Trump's Africa Strategy Under Skepticism as African Union Summit Convenes
U.S. President Donald Trump’s policies dominate the African Union summit Friday as 55 states are expected to assess tariffs, aid cuts and immigration curbs while seeking balanced ties with the US, China and others, highlighting a shift from aid to transactional partnerships.
February 13, 2026Clash Report
The 39th African Union summit opened with an unusual dynamic: the central actor was absent but structurally decisive. Policy changes by U.S. President Donald Trump now shape economic, diplomatic and security calculations for the bloc’s 55 members more than any formal agenda item.
Strategic Autonomy Under Pressure
Researchers describe a recalibration rather than a rupture. Carlos Lopes of the University of Cape Town said to Al Jazeera “US policy toward Africa has introduced a degree of uncertainty.”
The shift moves from multilateral development programs toward “a more transactional, security- and deal-focused approach.”
The White House policy document spans 29 pages yet devotes only three paragraphs to Africa. It emphasizes countering Chinese influence, conflict mediation in the Democratic Republic of Congo and Sudan, and replacing the “foreign aid paradigm” with an investment model linked to market access and resource cooperation.

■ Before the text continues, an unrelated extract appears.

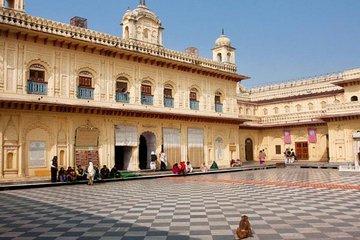 Ayodhya Tour From Lucknow (Same Day)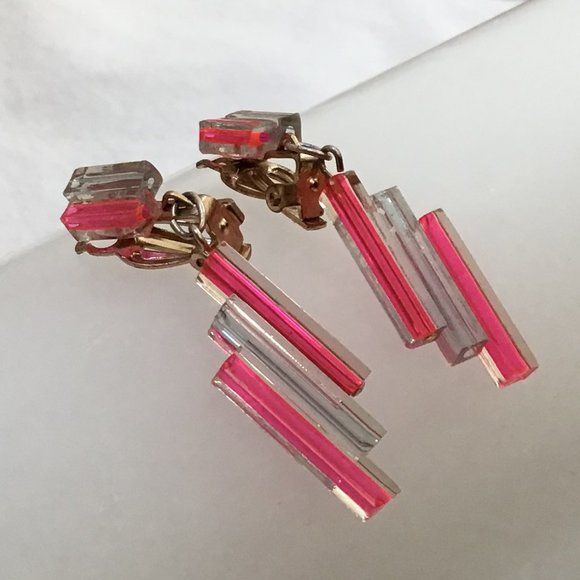 Funky Pink Tube Clip Earrings Vintage - Picture 8 of 14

Aid Architecture Dismantled
The economic impact is immediate because the United States previously provided about 26 percent of foreign aid to the continent. By 2024, U.S. direct investment reached $47.47bn, much channeled through the U.S. Agency for International Development. Its dismantling disrupted health programs across multiple states.
Belinda Archibong of Johns Hopkins SAIS said “we have experienced the end of USAID,” adding it caused “huge, detrimental negative impacts” in the short term.
The Center for Global Development estimates the cuts could contribute to between 500,000 and 1,000,000 deaths annually.
HIV services under PEPFAR - credited with saving 25 million lives - faced interruptions.
Washington has instead negotiated at least 16 bilateral public health arrangements with Ethiopia, Nigeria, Mozambique and Kenya under the “America First global health strategy.”
Tariff Shock And Trade Hedging
Trade policy compounds the pressure. In April, 20 countries faced tariffs between 11 percent and 50 percent, while another 29 received a baseline 10 percent levy. Lesotho initially faced a 50 percent tariff, Madagascar 47 percent, both later reduced to 15 percent. The African Growth and Opportunity Act (AGOA) - covering 1,800 duty-free products - now runs only until the end of 2026.
Normative Actor Vs Deals
Everisto Benyera of the University of South Africa described the president as the “proverbial elephant in the room,” adding leaders would pursue “strategic ambiguity” to preserve negotiating space.
Diplomatic posture reflects a balancing strategy. Governments strengthen ties with China, Gulf states and European partners while maintaining U.S. engagement. Several states simultaneously condemned global conflicts and pursued bilateral security cooperation with Washington.
In the words of Zimbabwe’s president Emmerson Mnangagwa, “Africa doesn’t need to please the West or the East.”
Lopes said the summit would emphasize international law and consistency, noting Africa increasingly sees itself “as a normative actor on the global stage.”
The approach attempts parallel goals: leverage competition among major powers while avoiding dependence on any single partner.